**Work order**
Nothing in the copy should be a picture; everything else in the listing is to be restated exactly.

**Given entries**
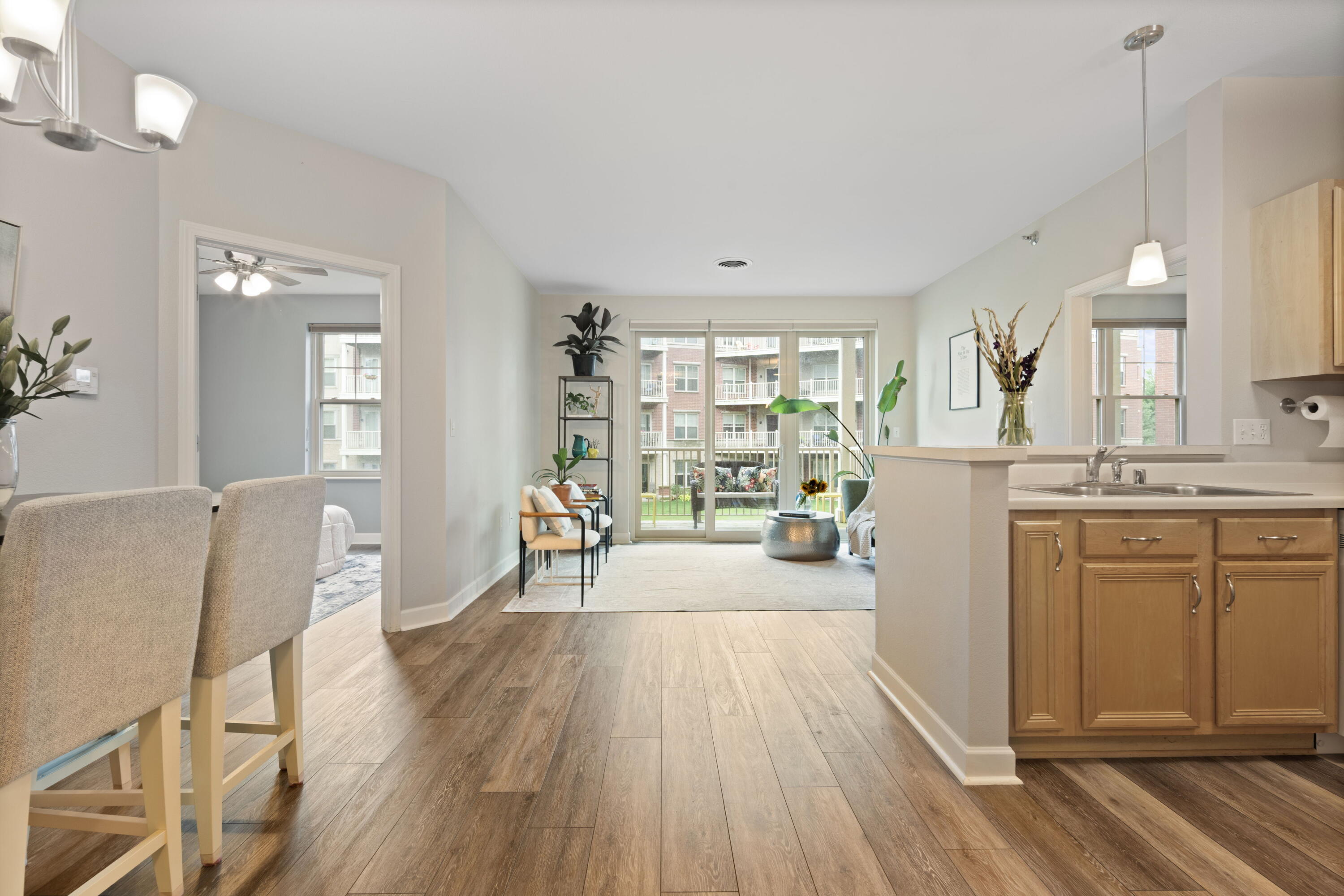 Property Photo: 4120 S Lake Dr 263 WI 53235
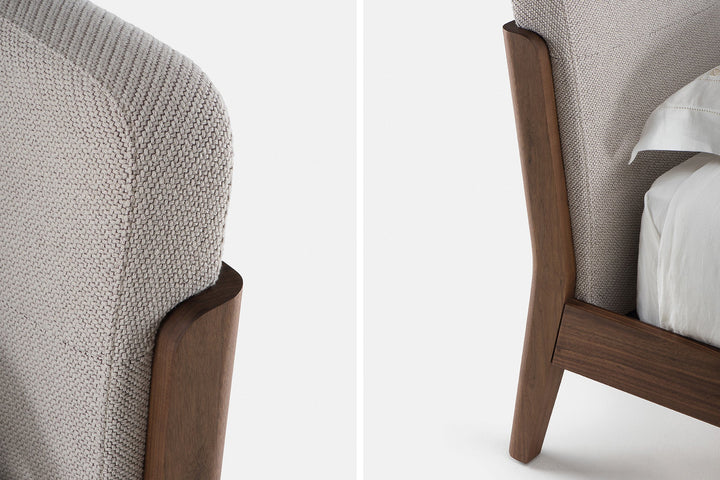 DANISH OILED WALNUT & CODA 2 232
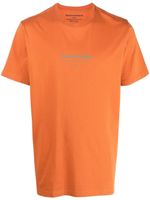 Maharishi t-shirt 1007 Ying Yang Rabbit - Orange - thumbnail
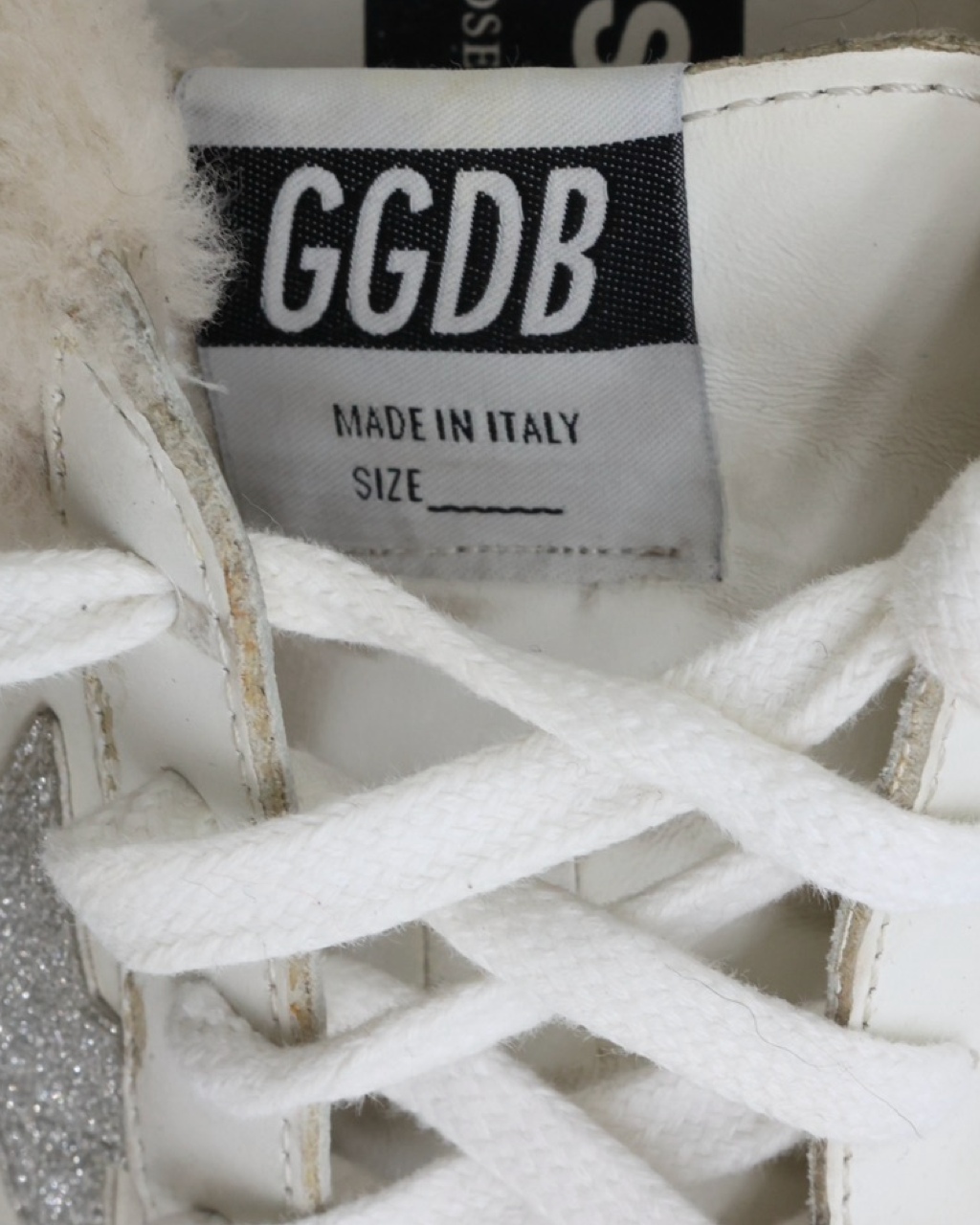 Tenis Golden Goose Super Star Mules 36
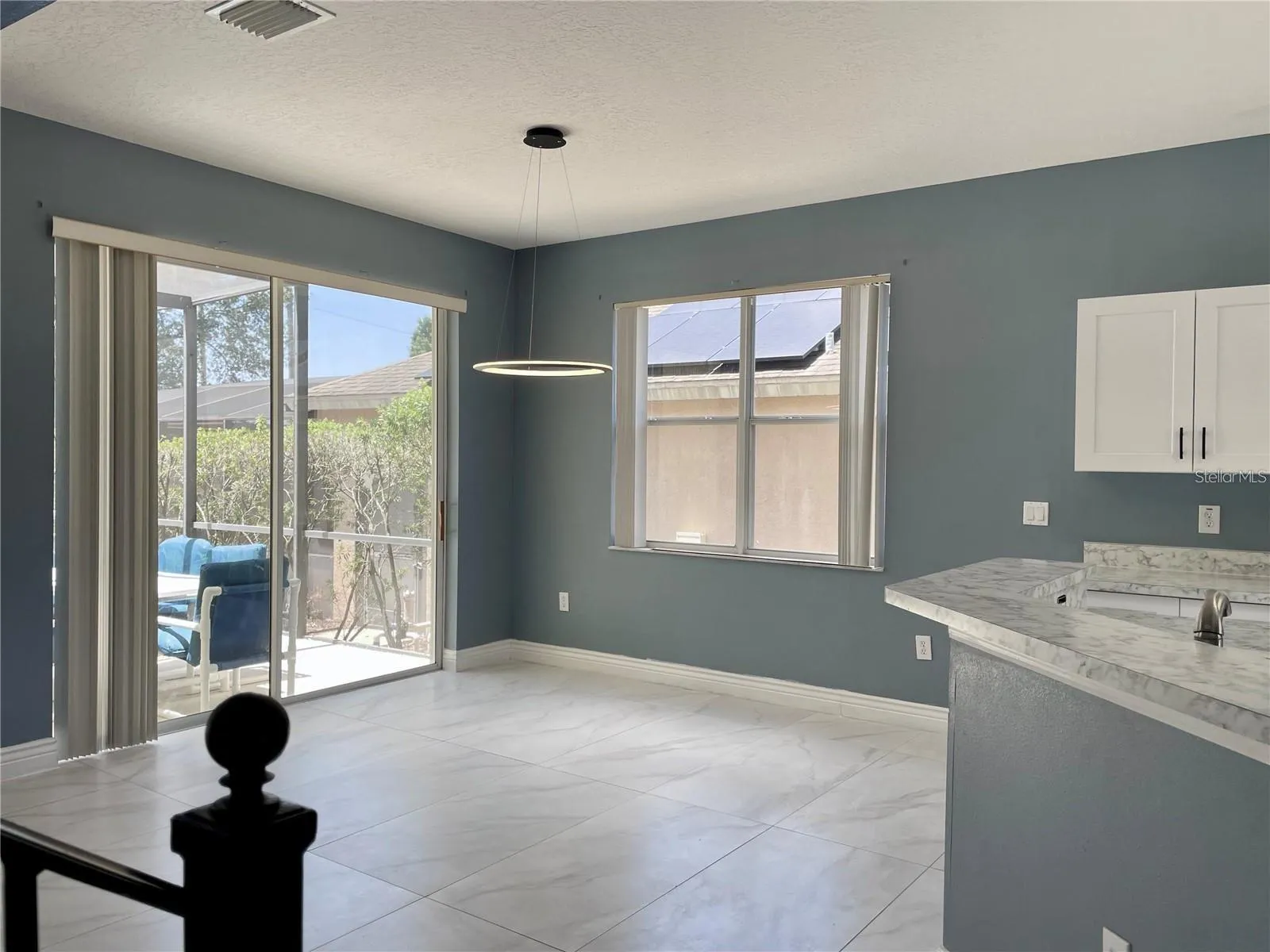 Kitchen Nook Area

**Answer**
 Property Photo: 4120 S Lake Dr 263 WI 53235
 DANISH OILED WALNUT & CODA 2 232
 Maharishi t-shirt 1007 Ying Yang Rabbit - Orange - thumbnail
 Tenis Golden Goose Super Star Mules 36
 Kitchen Nook Area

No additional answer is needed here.